───── Dataset entries ─────

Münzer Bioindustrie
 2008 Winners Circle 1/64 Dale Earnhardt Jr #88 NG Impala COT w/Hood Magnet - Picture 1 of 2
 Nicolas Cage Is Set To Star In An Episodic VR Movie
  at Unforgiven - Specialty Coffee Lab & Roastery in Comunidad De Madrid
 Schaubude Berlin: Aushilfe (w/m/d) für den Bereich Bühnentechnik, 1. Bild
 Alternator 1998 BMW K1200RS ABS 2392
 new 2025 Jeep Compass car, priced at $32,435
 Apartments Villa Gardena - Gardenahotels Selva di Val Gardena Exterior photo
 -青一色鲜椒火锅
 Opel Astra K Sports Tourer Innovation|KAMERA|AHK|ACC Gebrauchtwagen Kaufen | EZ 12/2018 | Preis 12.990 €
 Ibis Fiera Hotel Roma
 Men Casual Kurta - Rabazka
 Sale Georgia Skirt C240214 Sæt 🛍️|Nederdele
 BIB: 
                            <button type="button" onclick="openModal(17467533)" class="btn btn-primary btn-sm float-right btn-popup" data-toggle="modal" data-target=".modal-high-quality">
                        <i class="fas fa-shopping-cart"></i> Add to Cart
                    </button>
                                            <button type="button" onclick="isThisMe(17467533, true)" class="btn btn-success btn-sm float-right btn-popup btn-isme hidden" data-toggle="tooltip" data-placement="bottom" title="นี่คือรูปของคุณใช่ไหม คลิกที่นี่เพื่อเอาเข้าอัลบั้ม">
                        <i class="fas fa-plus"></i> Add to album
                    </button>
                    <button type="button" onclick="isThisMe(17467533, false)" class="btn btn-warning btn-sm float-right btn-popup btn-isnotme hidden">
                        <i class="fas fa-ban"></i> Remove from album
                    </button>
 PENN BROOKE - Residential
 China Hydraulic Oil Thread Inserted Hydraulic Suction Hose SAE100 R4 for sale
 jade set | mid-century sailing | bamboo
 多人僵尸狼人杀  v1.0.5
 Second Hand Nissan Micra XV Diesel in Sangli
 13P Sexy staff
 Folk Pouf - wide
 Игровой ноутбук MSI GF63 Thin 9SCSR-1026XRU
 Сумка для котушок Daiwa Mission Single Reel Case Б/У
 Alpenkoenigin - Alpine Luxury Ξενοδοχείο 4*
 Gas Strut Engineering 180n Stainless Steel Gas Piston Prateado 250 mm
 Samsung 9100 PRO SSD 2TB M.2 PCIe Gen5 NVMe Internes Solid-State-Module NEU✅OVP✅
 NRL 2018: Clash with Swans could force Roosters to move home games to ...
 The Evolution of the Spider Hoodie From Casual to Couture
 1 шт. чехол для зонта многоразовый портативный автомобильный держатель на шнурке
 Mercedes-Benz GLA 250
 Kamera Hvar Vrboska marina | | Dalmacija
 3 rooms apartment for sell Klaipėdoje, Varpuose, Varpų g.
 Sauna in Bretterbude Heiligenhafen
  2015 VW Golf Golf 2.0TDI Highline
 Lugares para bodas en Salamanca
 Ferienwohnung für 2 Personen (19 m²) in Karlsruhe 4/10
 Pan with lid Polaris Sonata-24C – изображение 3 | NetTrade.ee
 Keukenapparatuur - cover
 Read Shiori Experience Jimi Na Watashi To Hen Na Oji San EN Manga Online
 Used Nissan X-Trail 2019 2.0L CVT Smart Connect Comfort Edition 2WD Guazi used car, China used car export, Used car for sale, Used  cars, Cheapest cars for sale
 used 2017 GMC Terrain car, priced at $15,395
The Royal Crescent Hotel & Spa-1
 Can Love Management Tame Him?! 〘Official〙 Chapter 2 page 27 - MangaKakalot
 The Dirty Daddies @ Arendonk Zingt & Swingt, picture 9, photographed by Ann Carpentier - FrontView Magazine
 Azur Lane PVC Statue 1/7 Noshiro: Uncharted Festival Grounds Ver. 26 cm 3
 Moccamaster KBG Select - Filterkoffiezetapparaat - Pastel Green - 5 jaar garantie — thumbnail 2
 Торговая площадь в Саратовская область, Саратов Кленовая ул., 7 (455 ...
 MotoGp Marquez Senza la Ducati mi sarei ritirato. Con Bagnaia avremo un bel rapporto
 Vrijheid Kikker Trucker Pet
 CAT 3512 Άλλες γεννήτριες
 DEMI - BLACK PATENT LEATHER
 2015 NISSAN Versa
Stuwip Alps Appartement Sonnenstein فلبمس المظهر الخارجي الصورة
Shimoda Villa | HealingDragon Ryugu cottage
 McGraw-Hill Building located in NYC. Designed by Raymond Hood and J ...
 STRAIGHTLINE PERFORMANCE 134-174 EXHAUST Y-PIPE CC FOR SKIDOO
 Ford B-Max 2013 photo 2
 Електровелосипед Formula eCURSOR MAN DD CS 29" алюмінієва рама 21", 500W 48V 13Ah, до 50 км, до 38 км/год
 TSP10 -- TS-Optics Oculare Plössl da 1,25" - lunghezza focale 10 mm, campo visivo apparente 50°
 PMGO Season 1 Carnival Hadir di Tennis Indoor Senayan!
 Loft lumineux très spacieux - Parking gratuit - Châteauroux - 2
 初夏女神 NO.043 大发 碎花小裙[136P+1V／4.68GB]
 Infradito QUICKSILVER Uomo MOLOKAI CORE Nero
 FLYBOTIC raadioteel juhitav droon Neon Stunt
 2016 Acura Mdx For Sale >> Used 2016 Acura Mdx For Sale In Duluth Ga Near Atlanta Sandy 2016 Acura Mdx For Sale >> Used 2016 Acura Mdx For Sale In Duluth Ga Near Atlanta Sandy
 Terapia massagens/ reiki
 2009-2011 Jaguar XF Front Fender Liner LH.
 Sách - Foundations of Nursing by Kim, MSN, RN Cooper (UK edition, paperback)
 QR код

─────

• **Task brief**:
Only the lines from the beginning of the listing through the line containing "btn-primary btn-sm float-right" are wanted, each restated word for word.

• **Written answer**:
Münzer Bioindustrie
 2008 Winners Circle 1/64 Dale Earnhardt Jr #88 NG Impala COT w/Hood Magnet - Picture 1 of 2
 Nicolas Cage Is Set To Star In An Episodic VR Movie
  at Unforgiven - Specialty Coffee Lab & Roastery in Comunidad De Madrid
 Schaubude Berlin: Aushilfe (w/m/d) für den Bereich Bühnentechnik, 1. Bild
 Alternator 1998 BMW K1200RS ABS 2392
 new 2025 Jeep Compass car, priced at $32,435
 Apartments Villa Gardena - Gardenahotels Selva di Val Gardena Exterior photo
 -青一色鲜椒火锅
 Opel Astra K Sports Tourer Innovation|KAMERA|AHK|ACC Gebrauchtwagen Kaufen | EZ 12/2018 | Preis 12.990 €
 Ibis Fiera Hotel Roma
 Men Casual Kurta - Rabazka
 Sale Georgia Skirt C240214 Sæt 🛍️|Nederdele
 BIB: 
                            <button type="button" onclick="openModal(17467533)" class="btn btn-primary btn-sm float-right btn-popup" data-toggle="modal" data-target=".modal-high-quality">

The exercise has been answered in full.